▶ Work request:
Retype each line below precisely and omit all images.

▶ Records shown:
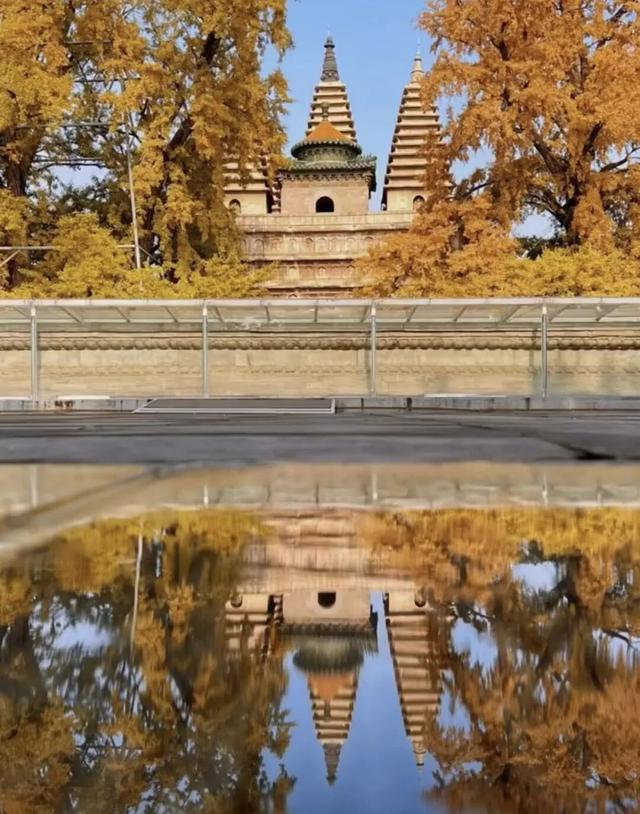 金色瀑布！北京这些千年古银杏正在最佳观赏期！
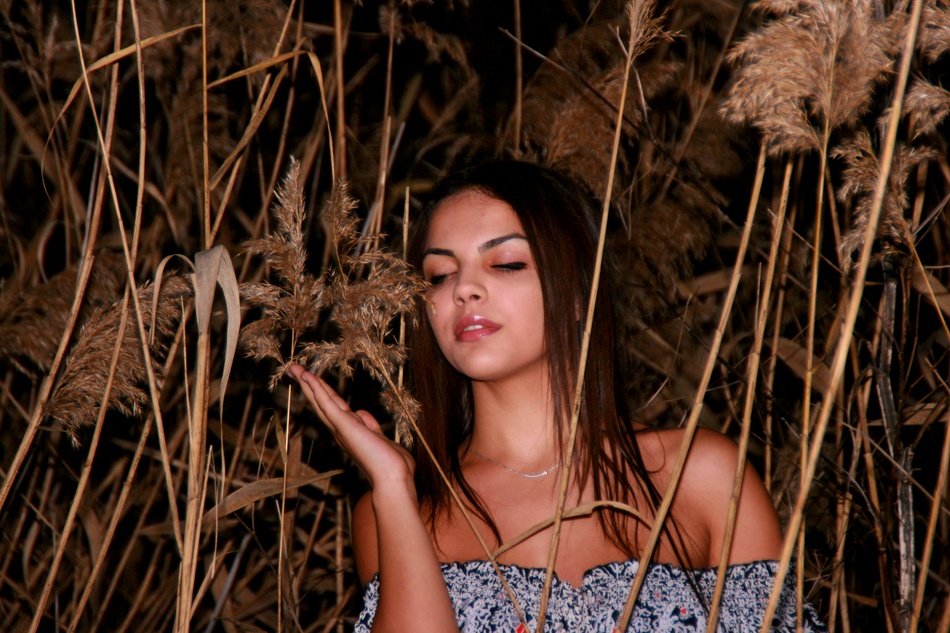 beautiful girl among the cane at dusk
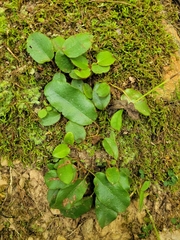 Epigaea repens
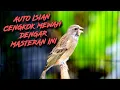 Download Lagu AUTO CENGKOK ISIAN MEWAH DENGER INI - MASTERAN BLACKTHROAT GACOR SUARA JERNIH FAVORITE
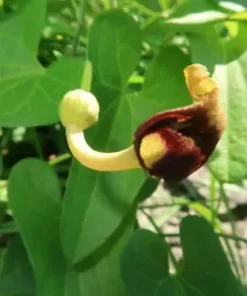 20 CREEPING DUTCHMANS PIPE VINE SEEDS (Aristolochia debilis) FAST,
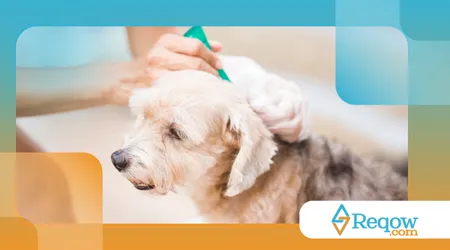 evitar intoxicações domésticas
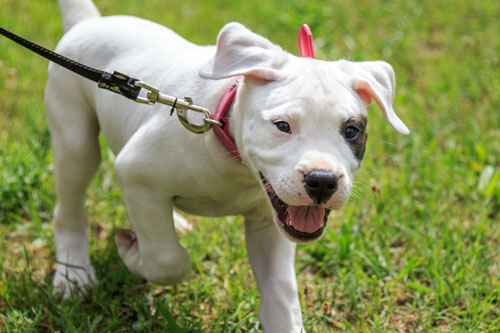 dogo-argentino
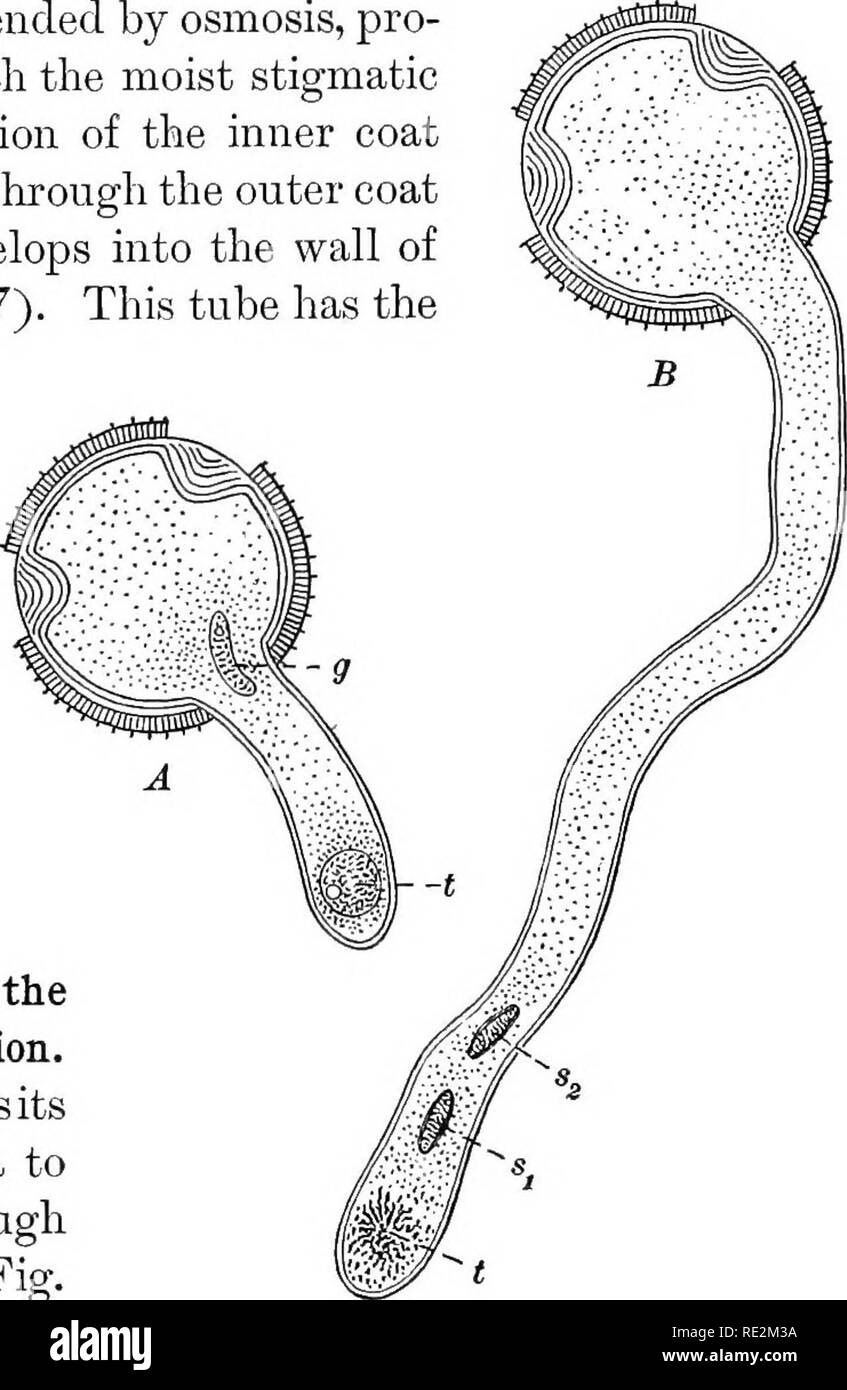 Tube Mature se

▶ Solution for this problem:
 金色瀑布！北京这些千年古银杏正在最佳观赏期！
 beautiful girl among the cane at dusk
 Epigaea repens
 Download Lagu AUTO CENGKOK ISIAN MEWAH DENGER INI - MASTERAN BLACKTHROAT GACOR SUARA JERNIH FAVORITE
 20 CREEPING DUTCHMANS PIPE VINE SEEDS (Aristolochia debilis) FAST,
 evitar intoxicações domésticas
 dogo-argentino
 Tube Mature se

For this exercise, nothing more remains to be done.